From elements of the bourgeoisie, words like "unimaginable", "extraordinary" and "unprecedented" were used to describe Chancellor Alistair Darling's bail-out of Northern Rock and the state's underwriting of the British banking system. Unprecedented indeed. Darling, blaming US sub-prime lending for the problems said:"Here in Britain, we meet these challenges against the background of a strong economy". But obviously not strong enough to prevent major financial institutions in the fourth largest economy in the world from staring bankruptcy in the face. The action of the Labour government as guarantor of the British banking system, belatedly following the European Central Bank and the US Federal Reserve in pumping billions into their economies, points to both the development of state capitalism and its growing weakness in patching up an economic system which is tending to move out of control.

But these "challenges", as Darling put it, are nothing less than the profound limitations of production for profit, and this is what is being expressed, and will be expressed, in the financial markets. British banks have been enthusiastic about ‘off-balance sheet' borrowing and are at the front of the queue in parcelling up and selling off their dodgy debts. Thus the European Securities Forum shows that by June this year, there were £350 billion worth of outstanding securitised loans backed by UK assets, compared to the equivalent £72 billion in Germany and £28 billion in France. Mortgage lending, all lending, has been manipulated by all states in order to keep their economies going from day to day. House prices have fallen in Spain as defaults have risen. Similar for Ireland and Germany and soon Canada and Australia will be affected. These are all some of the expressions of credit and debt crisis which lie at the heart of capitalism's historic crisis. Led by the US state, cheap and easy money, as well as growing state debt, has been the policy of the bourgeoisie since the end of the 1960s. Henry Paulson, US Treasury Secretary, said in September: "the whole world including the US... has benefited from credit availability" . But the effects of the dope of credit are wearing off, leaving the poison deep within the system. And what's been the answer of the bourgeoisie to the current crisis? Lower interest rates and the injection of masses of monies into the system in order to underwrite it. The very actions that caused the problems in the first place. Thus the ECB and the Fed acted by pumping billions into their economies, accepting even riskier securities for collateral and risking further destabilisation by lending over longer periods.

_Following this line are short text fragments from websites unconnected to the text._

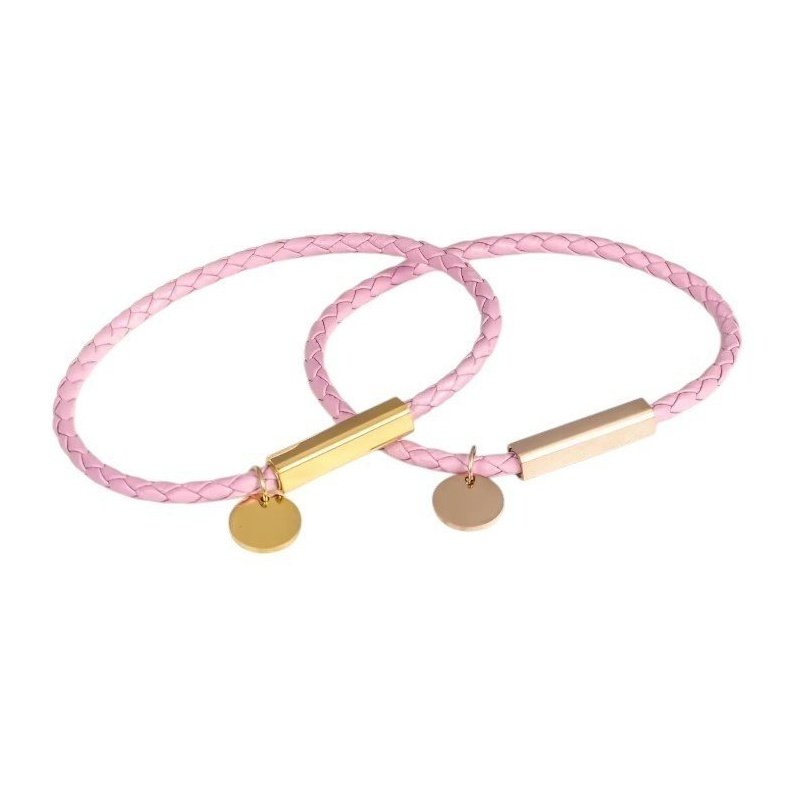 PULSERA PERSONALIZADA CUERO ROSA O BEIGE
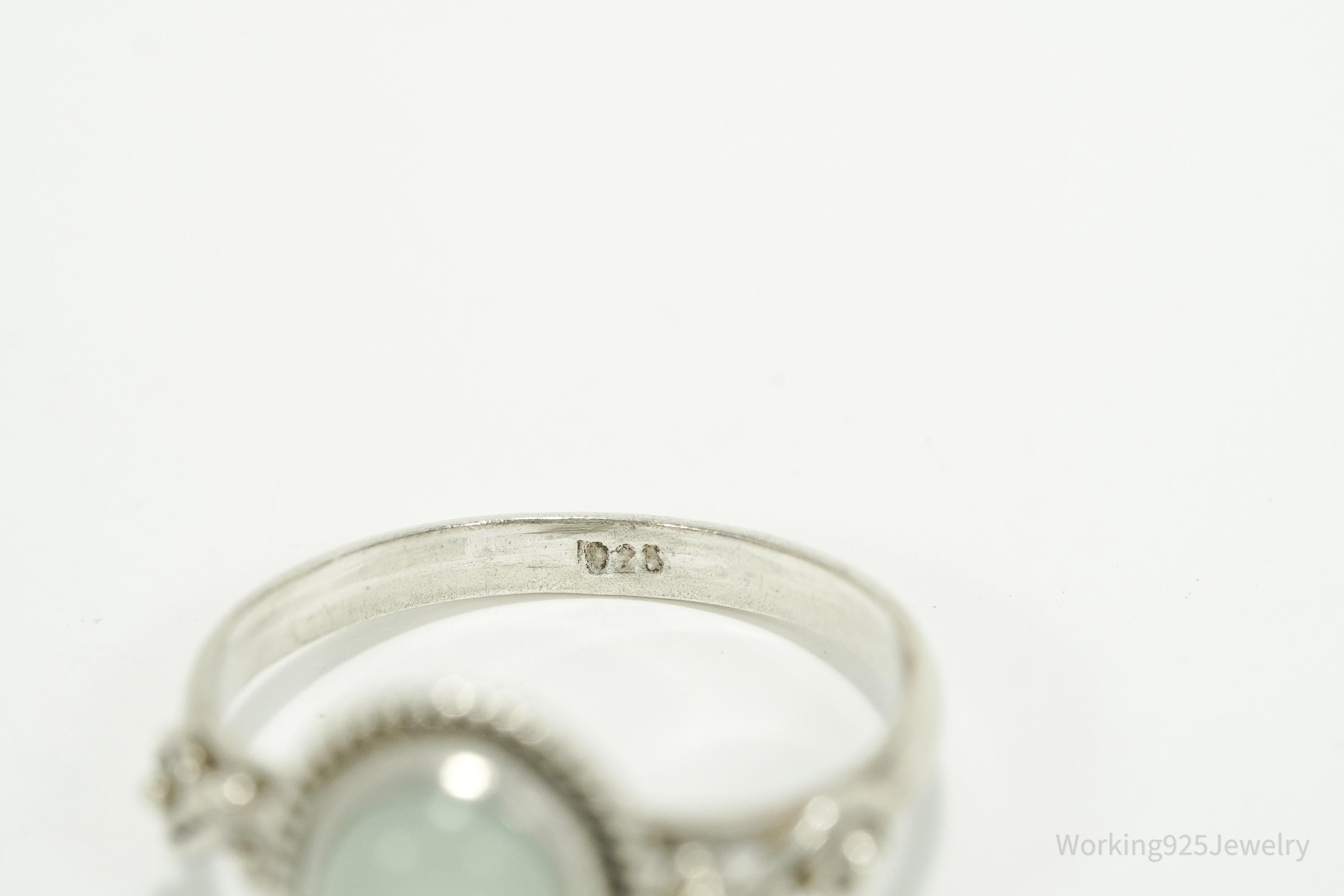 Vintage Aqua Chalcedony Sterling Silver Ring - Size 9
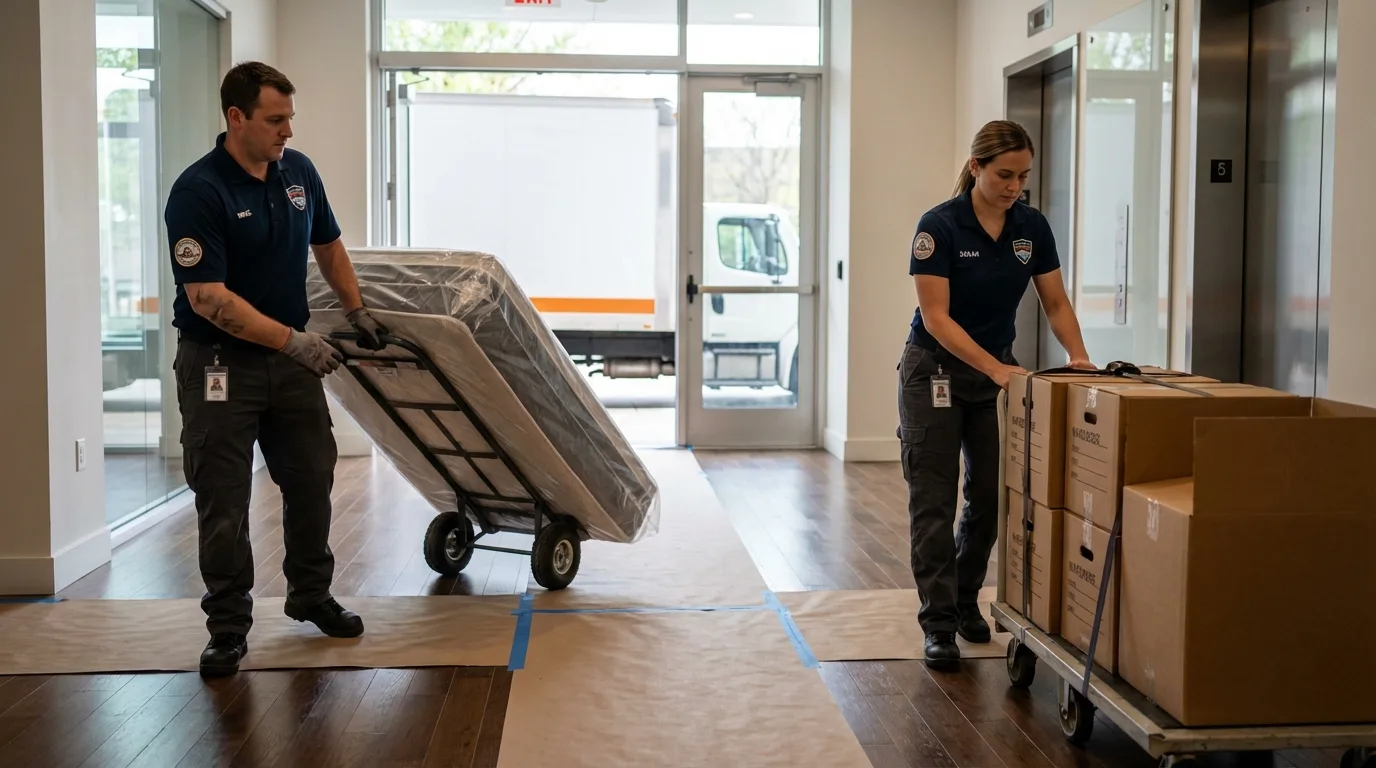 Professional apartment movers loading elevator in Tishomingo, OK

In the face of the near collapse of British banks, the British bourgeoisie were forced to follow suit. The contradiction for the economy of pouring more poison into an already poisoned body just for short-term respite is well summed up in the position of the Governor of the Bank of England, Mervyn King. Abandoning the fiction of an ‘independent' Bank of England, the British state was forced to massively intervene in the crisis. After telling the Commons Treasury Committee in September (quite correctly) that "If risks continue to be underpriced (and one could add, underwritten) the next period of turmoil will be on an even bigger scale". King then went on to say, completely contradicting himself, that he was ready to take far stronger emergency action by cutting interest rates and flooding the financial markets with capital, ie, ‘underpricing' risk in the longer term. Such is the insoluble contradiction for capitalism: whatever state interventions are made in the short term to allay the effects of the crisis, the latter will only come back in force.

Leftists back state capitalism

All this poses something of a quandary for leftists like the Socialist Workers Party. They are all for state intervention, the more the better. They support and advocate state control of the economy. They support the Labour Party and funding for this or that industry and public service. But writing in Socialist Worker, (28.9.7), the leftists are forced to disapprove of state intervention in the current crisis: "And the funny thing is that all the free-market ideologues - who believe the invisible hand of the free market should determine all things - fully expect that the central government can step in and make everything right... as if this were a centrally planned economy". The "funny thing is" that the British state, like all capitalist states, is a "centrally planned economy"; the very state capitalism that Socialist Worker advocates. What do they think has been going on throughout this current expression of the crisis - and before? The last recession of 2000 was brought to an end by the most active state intervention since World War II and an unprecedented increase in levels of debt, state budget deficits, the reordering of loans and interest rate manipulations in all the major capitals. This is not the "crisis of the dominant neo-liberal model" as Socialist Worker puts it, but the crisis of state capitalism, the very policy that it advocates. It is not only becoming increasingly difficult for state capitalism to buy its way out of trouble, but the very act of doing so, absolutely necessary for short term relief, makes the overall crisis much worse.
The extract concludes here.